START Task input

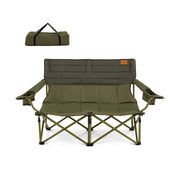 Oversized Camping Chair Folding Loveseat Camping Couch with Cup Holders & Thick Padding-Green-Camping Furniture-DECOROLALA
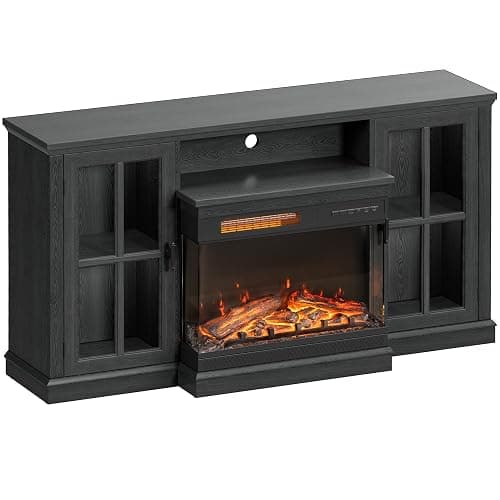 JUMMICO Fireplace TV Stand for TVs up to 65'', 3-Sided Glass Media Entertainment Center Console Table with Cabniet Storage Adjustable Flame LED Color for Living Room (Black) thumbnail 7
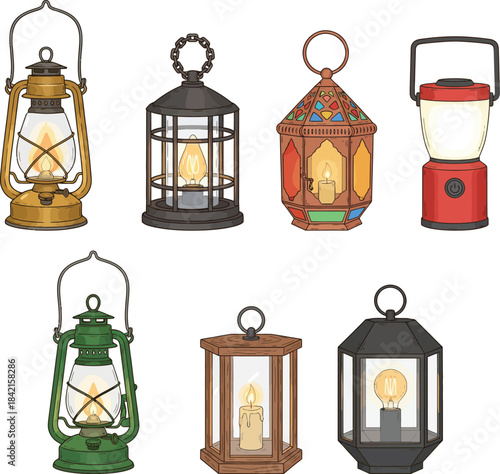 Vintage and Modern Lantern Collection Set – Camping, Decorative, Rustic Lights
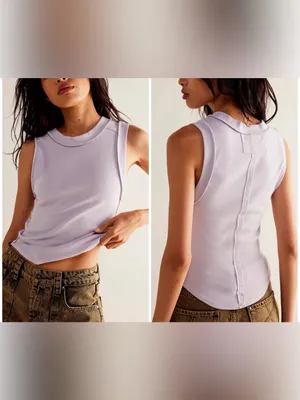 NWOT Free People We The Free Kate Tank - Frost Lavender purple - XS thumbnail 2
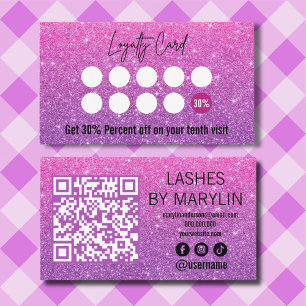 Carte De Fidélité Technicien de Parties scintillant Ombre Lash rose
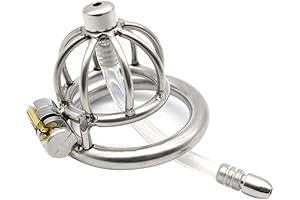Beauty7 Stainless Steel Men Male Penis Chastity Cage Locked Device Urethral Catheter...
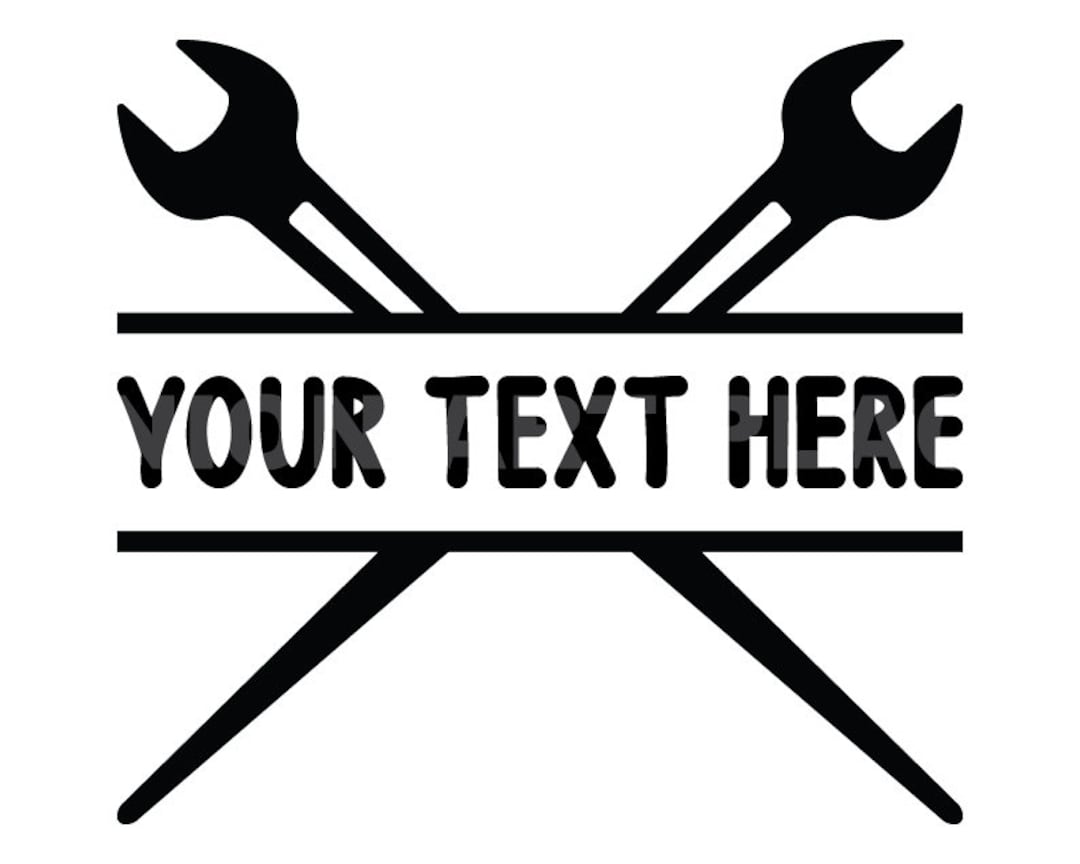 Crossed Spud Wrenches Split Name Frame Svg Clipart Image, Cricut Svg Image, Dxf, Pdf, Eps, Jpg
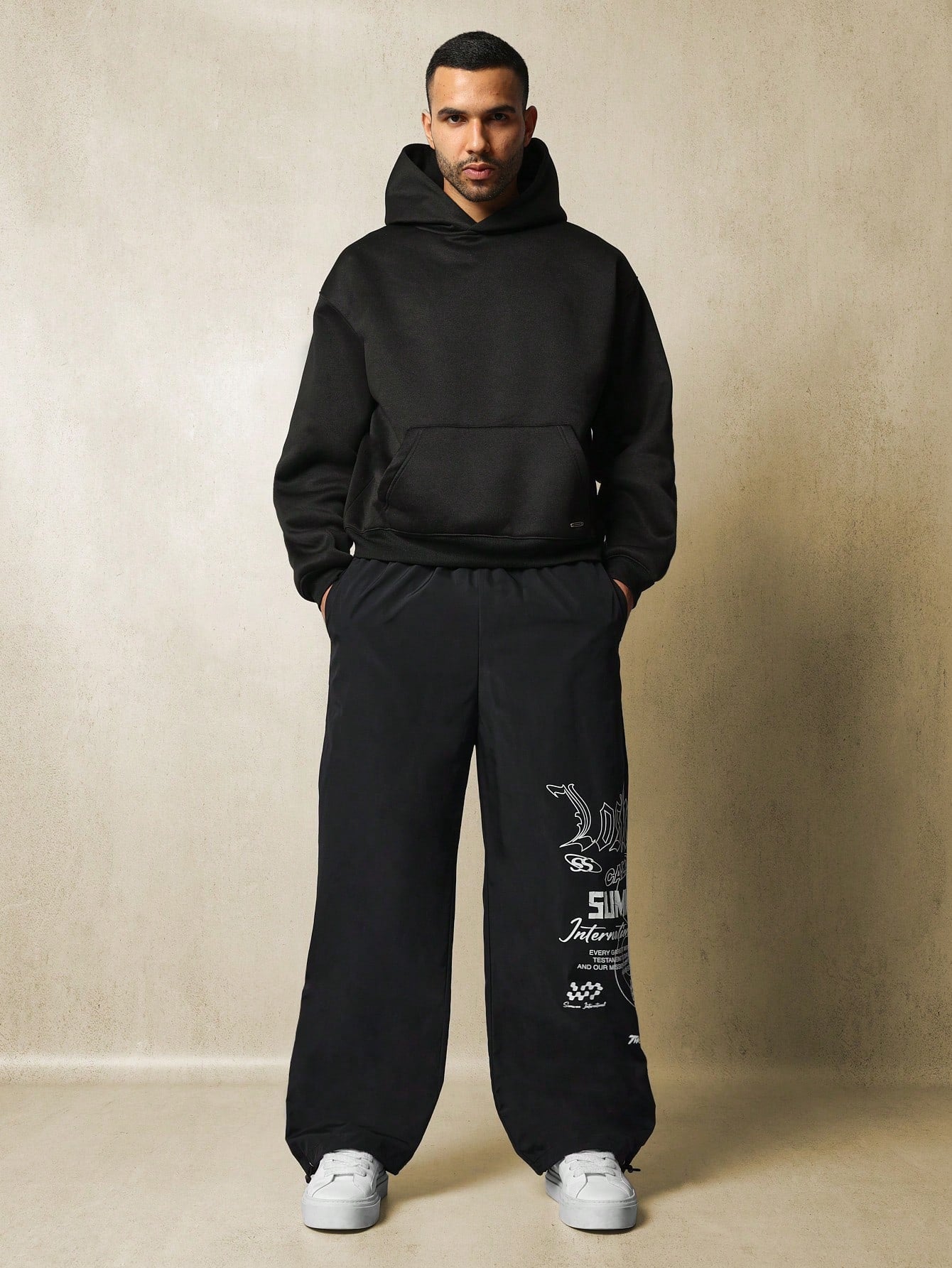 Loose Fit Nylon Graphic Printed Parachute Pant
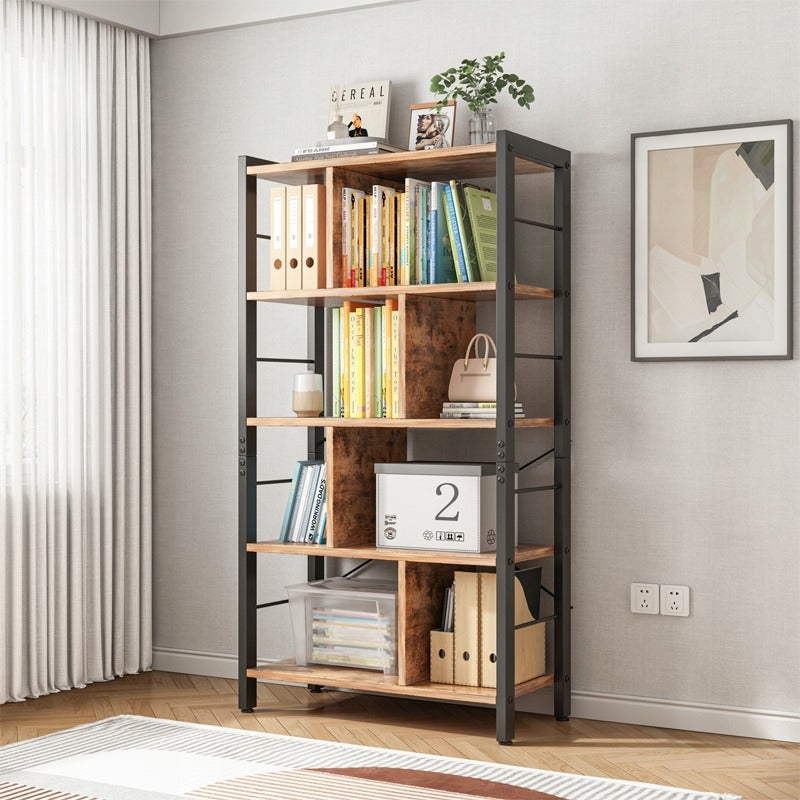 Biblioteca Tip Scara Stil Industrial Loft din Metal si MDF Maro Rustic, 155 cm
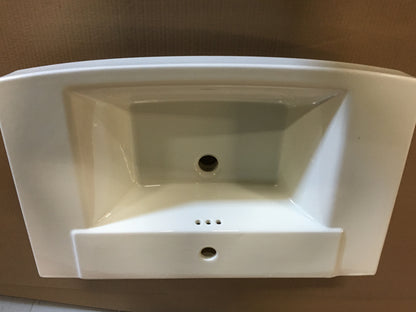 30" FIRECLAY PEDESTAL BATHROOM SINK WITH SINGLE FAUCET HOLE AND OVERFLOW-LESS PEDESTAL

END Task input
START Task input

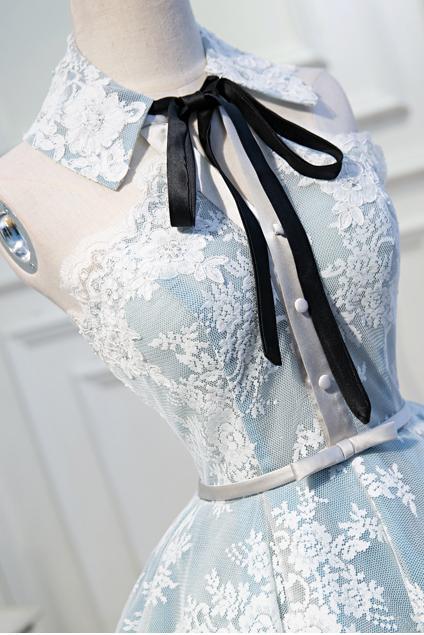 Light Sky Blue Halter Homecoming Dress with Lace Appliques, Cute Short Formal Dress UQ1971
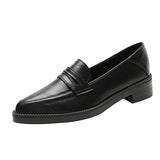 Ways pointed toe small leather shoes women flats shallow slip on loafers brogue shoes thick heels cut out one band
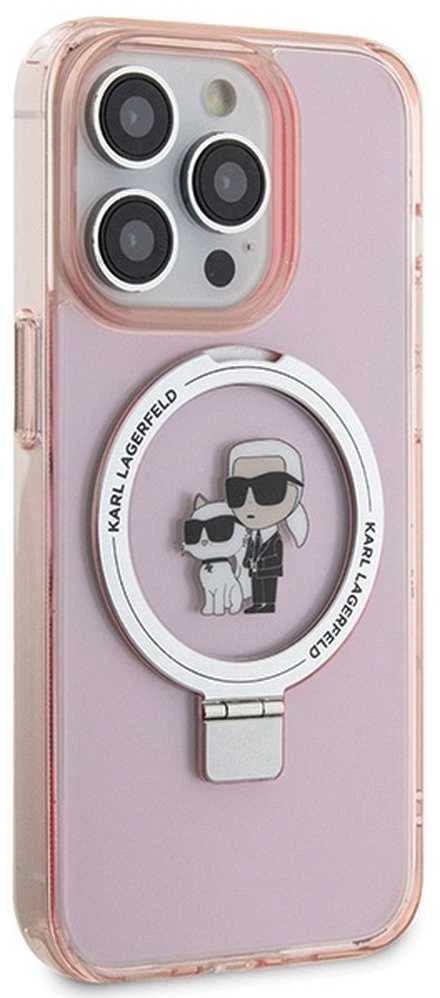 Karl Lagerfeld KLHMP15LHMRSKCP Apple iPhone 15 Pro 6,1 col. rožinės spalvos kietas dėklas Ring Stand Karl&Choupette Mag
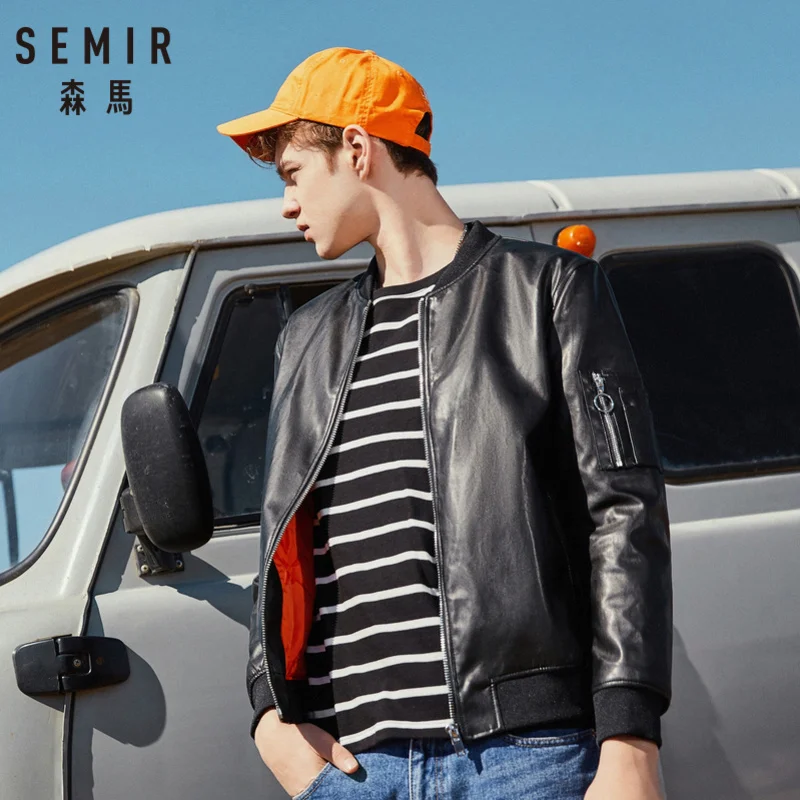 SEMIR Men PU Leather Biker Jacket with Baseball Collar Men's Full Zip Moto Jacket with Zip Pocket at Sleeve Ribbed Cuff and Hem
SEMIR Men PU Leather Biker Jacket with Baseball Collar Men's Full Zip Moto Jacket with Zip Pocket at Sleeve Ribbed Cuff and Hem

END Task input
START Task input

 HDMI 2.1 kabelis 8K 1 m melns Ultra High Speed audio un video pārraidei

END Task input

#### What is needed:
The answer must be the part of the records that opens with the line containing "Crossed Spud Wrenches" and closes with the line containing "AND OVERFLOW-LESS PEDESTAL", reproduced exactly, with no pictures.

#### Exercise output:
 Crossed Spud Wrenches Split Name Frame Svg Clipart Image, Cricut Svg Image, Dxf, Pdf, Eps, Jpg
 Loose Fit Nylon Graphic Printed Parachute Pant
 Biblioteca Tip Scara Stil Industrial Loft din Metal si MDF Maro Rustic, 155 cm
 30" FIRECLAY PEDESTAL BATHROOM SINK WITH SINGLE FAUCET HOLE AND OVERFLOW-LESS PEDESTAL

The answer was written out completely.